Exercise details:
Transcribe word for word the lines below from the line with "Smarty girls. Little" through the line with "toddler, urban, yellow_lines", ends included.

Extracted information:
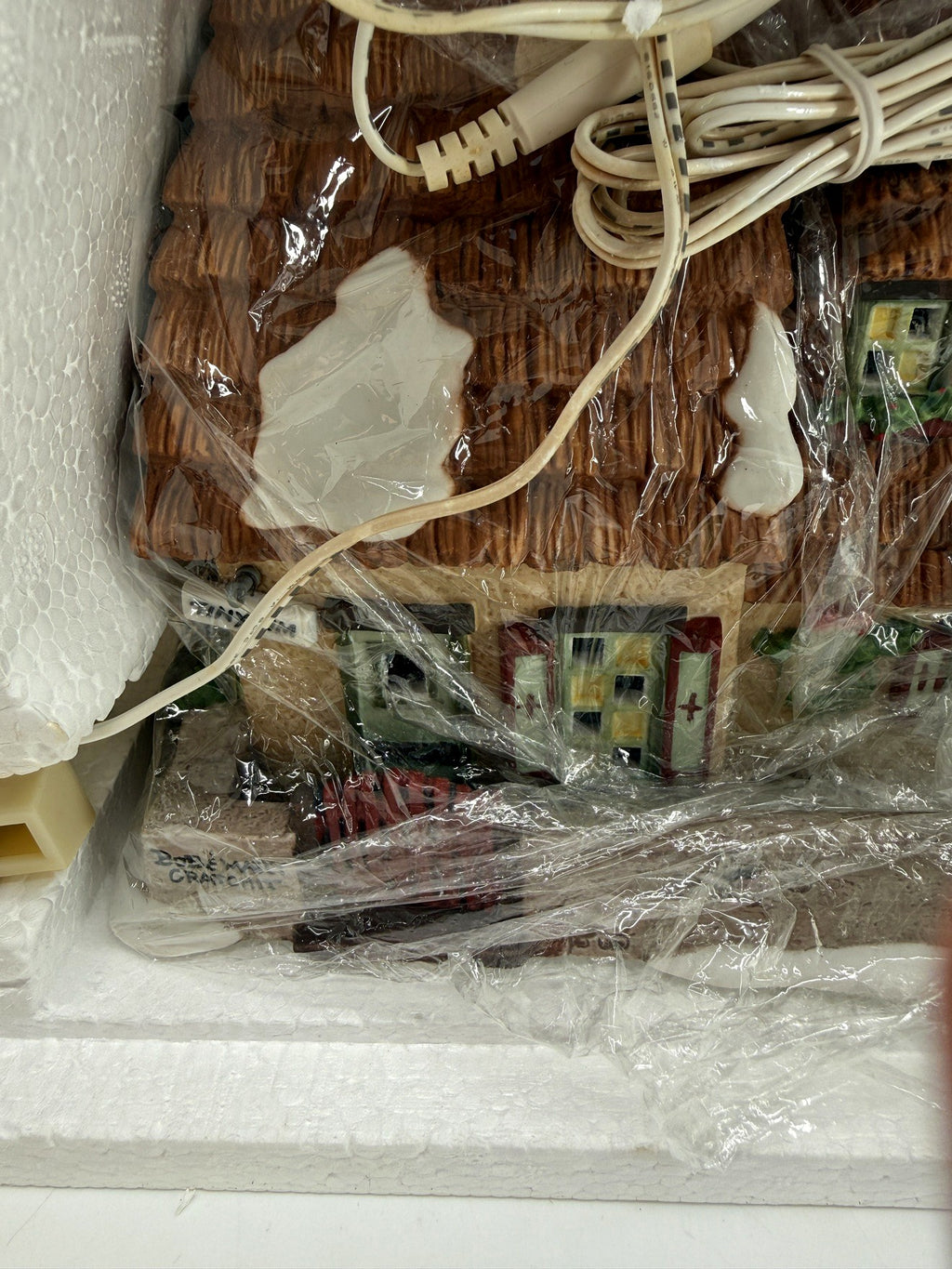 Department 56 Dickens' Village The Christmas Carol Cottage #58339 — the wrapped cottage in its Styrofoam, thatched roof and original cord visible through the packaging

--

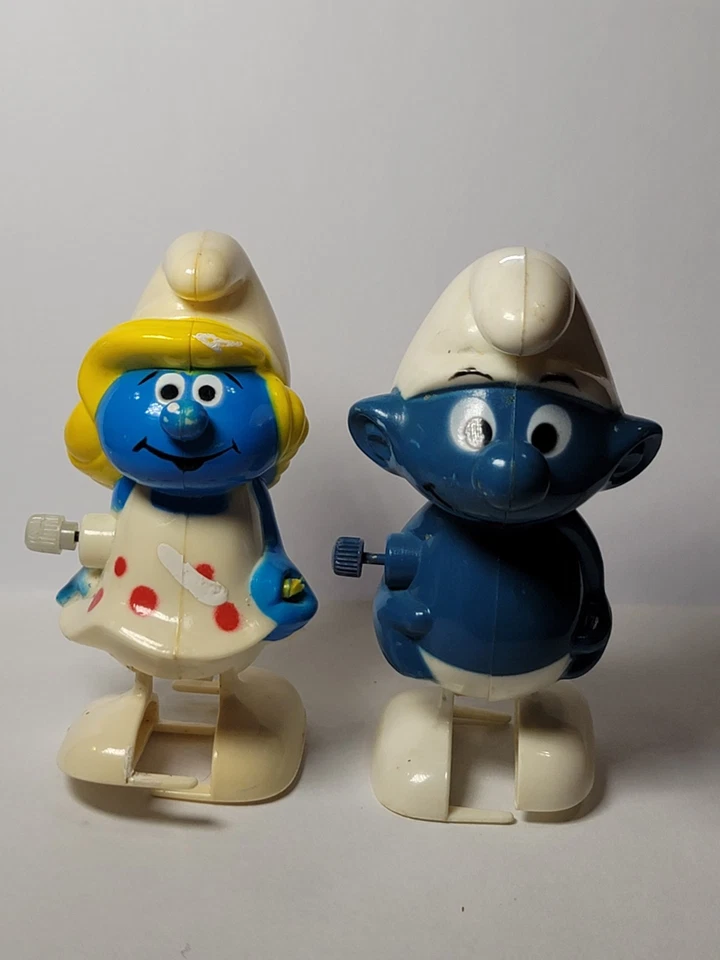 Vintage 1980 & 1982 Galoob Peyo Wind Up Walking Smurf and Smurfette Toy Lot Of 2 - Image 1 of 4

* * *

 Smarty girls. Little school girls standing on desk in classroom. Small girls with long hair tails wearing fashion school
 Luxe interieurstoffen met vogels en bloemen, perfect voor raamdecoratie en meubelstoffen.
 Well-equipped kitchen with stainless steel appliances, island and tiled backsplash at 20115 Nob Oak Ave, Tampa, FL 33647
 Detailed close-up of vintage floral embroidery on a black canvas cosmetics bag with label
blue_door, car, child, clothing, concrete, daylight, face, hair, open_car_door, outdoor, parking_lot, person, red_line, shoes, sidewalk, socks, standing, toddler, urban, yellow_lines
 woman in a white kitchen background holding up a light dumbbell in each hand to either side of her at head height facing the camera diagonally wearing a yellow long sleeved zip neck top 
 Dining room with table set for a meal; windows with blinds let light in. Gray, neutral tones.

Output for this exercise:
 Smarty girls. Little school girls standing on desk in classroom. Small girls with long hair tails wearing fashion school
 Luxe interieurstoffen met vogels en bloemen, perfect voor raamdecoratie en meubelstoffen.
 Well-equipped kitchen with stainless steel appliances, island and tiled backsplash at 20115 Nob Oak Ave, Tampa, FL 33647
 Detailed close-up of vintage floral embroidery on a black canvas cosmetics bag with label
blue_door, car, child, clothing, concrete, daylight, face, hair, open_car_door, outdoor, parking_lot, person, red_line, shoes, sidewalk, socks, standing, toddler, urban, yellow_lines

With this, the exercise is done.